Category: terrorism
American “leadership”
I thought I might fail to blog today, but a kerfuffle between the President and Senator John McCain got the juices running.
When I read stories about “far right” European parties or candidates, I keep encountering the same feelings.
- First, there’s appreciation that immigration can change a society, destroying much of what current citizens value.
- Second, the appreciation that many of the immigrants in issue are refugees, and that American actions (with varying complicity by Western European nations) arguably have created the refugee crisis.
- Third, and weakest, a suspicion that if we hadn’t broken the Middle East, something else would have. How long can strongmen like Sadaam Hussein and Bashir Al Assad keep power and order in their lands, U.S. support or opposition notwithstanding?
Which brings me to the kerfuffle:
Mr. McCain condemned “half-baked, spurious nationalism cooked up by people who would rather find scapegoats” than solve problems.

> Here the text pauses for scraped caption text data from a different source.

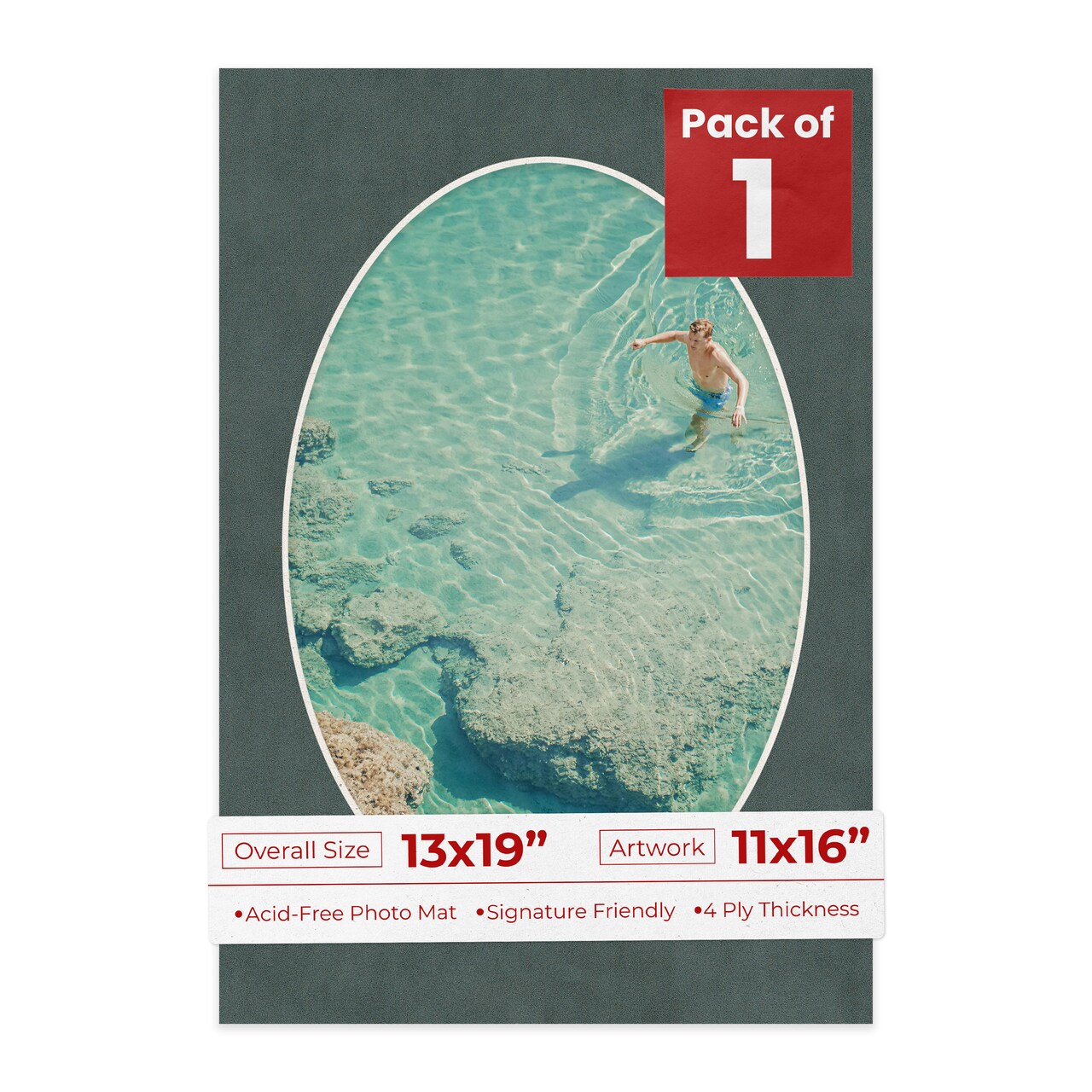 Dark Grey Suede Mat Board for 13x19 Frames - Oval Opening for 11x16 Photos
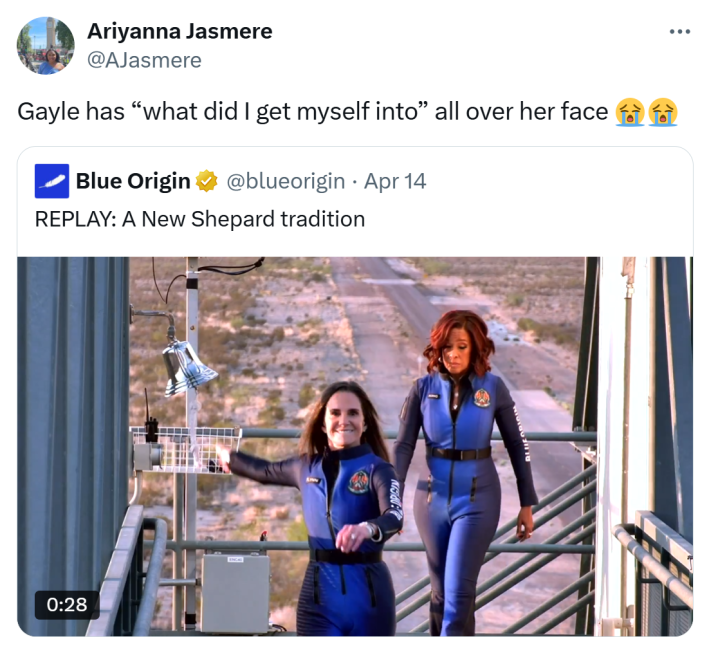 Tweet that says, "Gayle has 'what did I get myself into' all over her face (sob emojis)" with a screenshot of Gayle King walking onto the rocket.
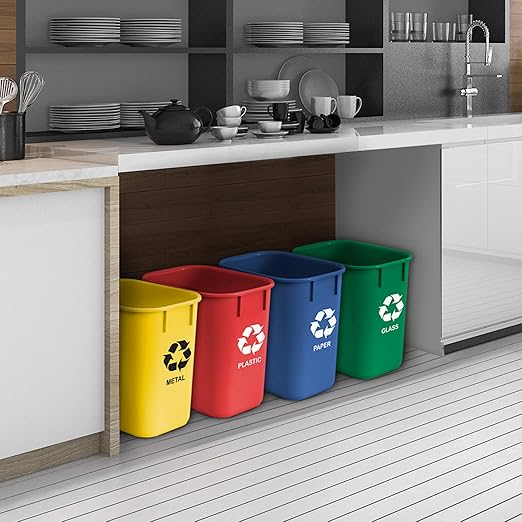 Acrimet Wastebasket Bin for Recycling 3.25 Gallon/13 Quart/12 Liter (Made of Plastic) (Metal/Yellow Paper/Blue Glass/Green Plastic/Red) (Set of 4)
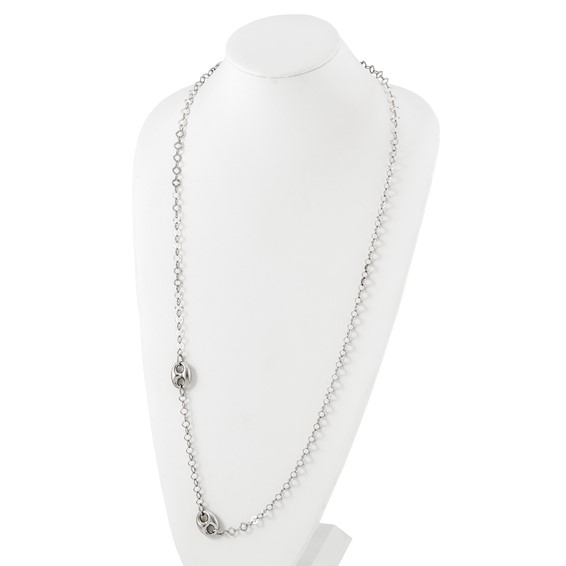 Sterling Silver Fancy Textured Geometric Link Necklace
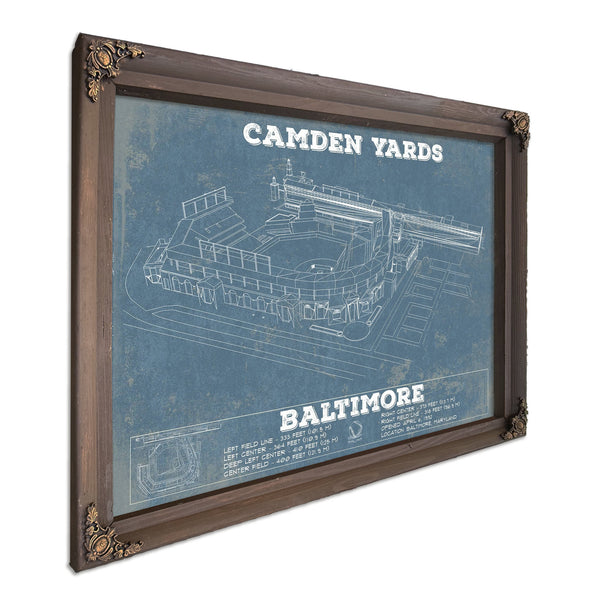Camden Yards Art Baltimore Orioles Stadium Print in a Bourbon stained wood frame with antique gold corners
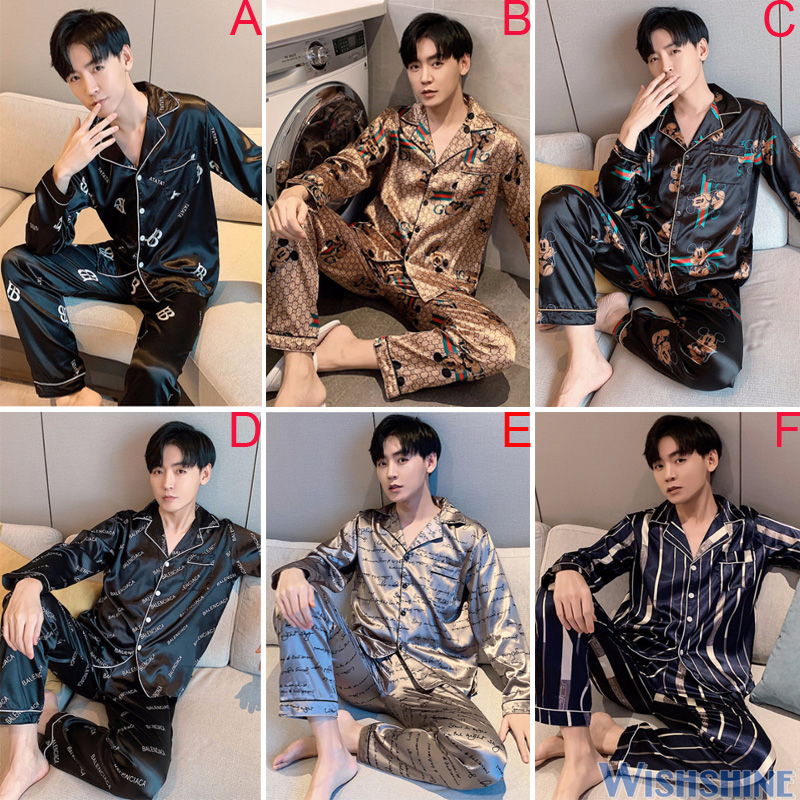 Bộ đồ ngủ lụa satin thoải mái dành cho nam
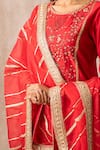 Shop_Ajiesh Oberoi_Red Chanderi Round Kurta Sharara Set _Online_at_Aza_Fashions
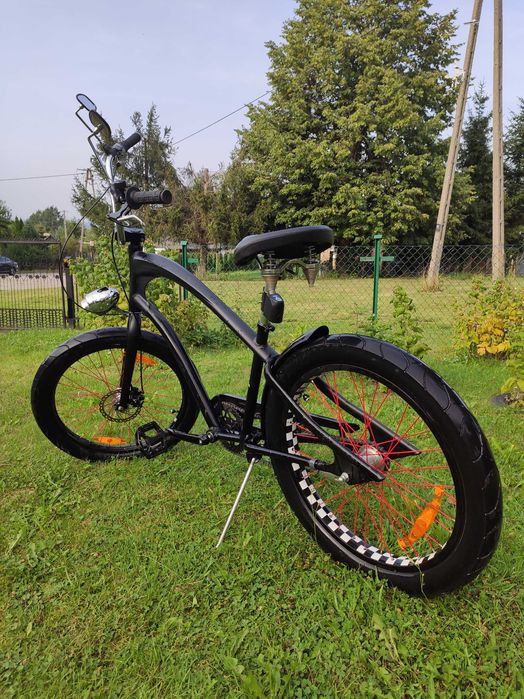 Electra Straight 8, bogata wersja, 2 lusterka i lampa chrom, alarm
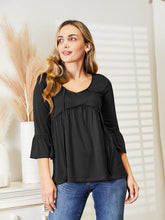 Load image into Gallery viewer, Flounce Sleeve Full Size Babydoll Blouse
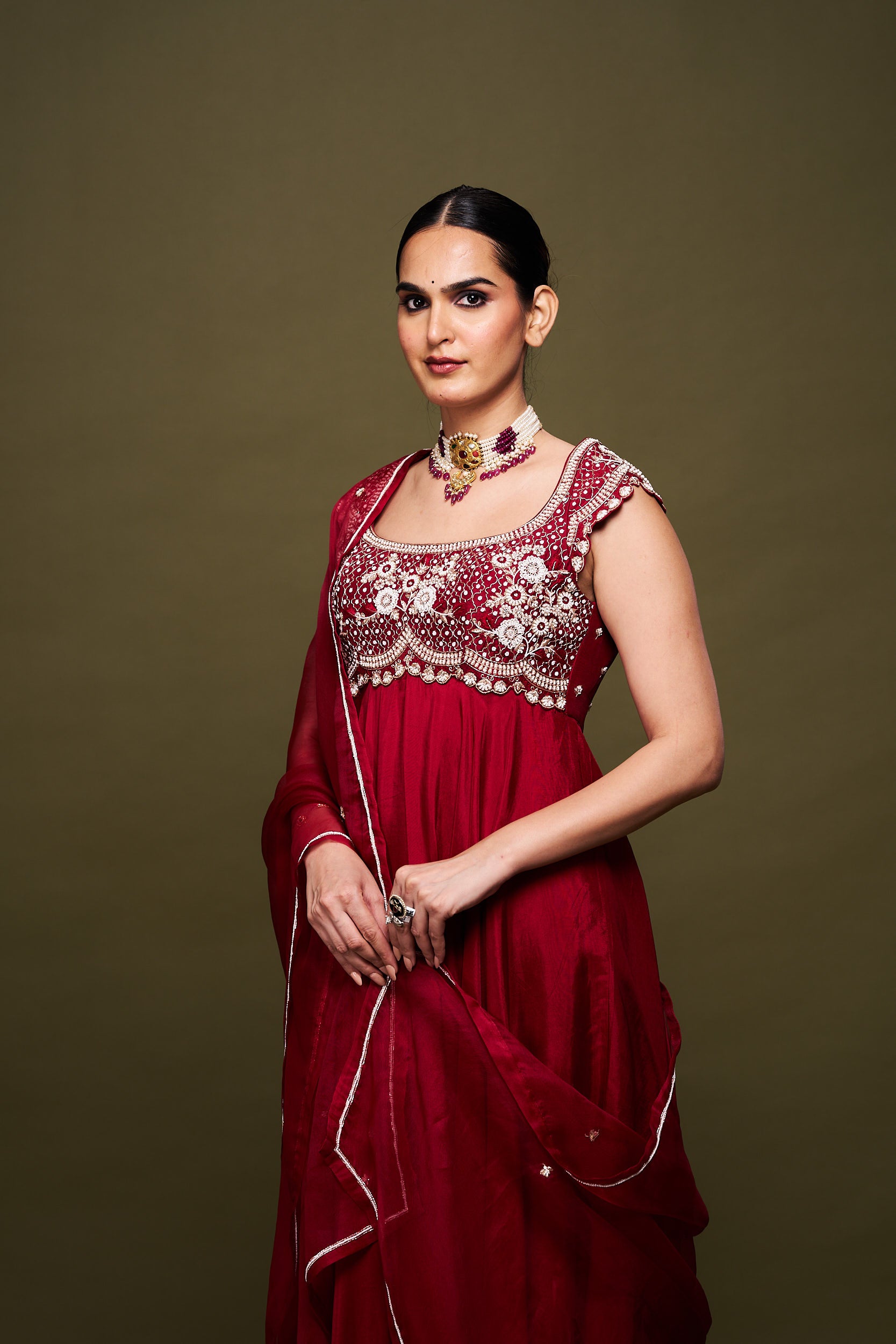 Amina Red Anarkali with Dupatta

“You know, I’m being very nice. I’m being very, very nice,” the president said. “But at some point I fight back and it won’t be pretty.”
“It’s fine with me,” Mr. McCain responded on Tuesday to Mr. Trump’s remark. “I’ve faced some fairly significant adversaries in the past.”
The verbal sparring was the latest round of animosity between Mr. Trump and the Republican senator, who was a prisoner of war in Vietnam. The president has criticized and taunted Mr. McCain, most recently for his vote dooming a Republican plan to repeal the Affordable Care Act; early in the presidential campaign he said Mr. McCain was “not a war hero” and that “I like people who weren’t captured.”
In Philadelphia on Monday night, Mr. McCain spoke after the National Constitution Center bestowed on him an award honoring his fight for liberty. He emphasized the benefits that arise from America’s willingness to engage with the world.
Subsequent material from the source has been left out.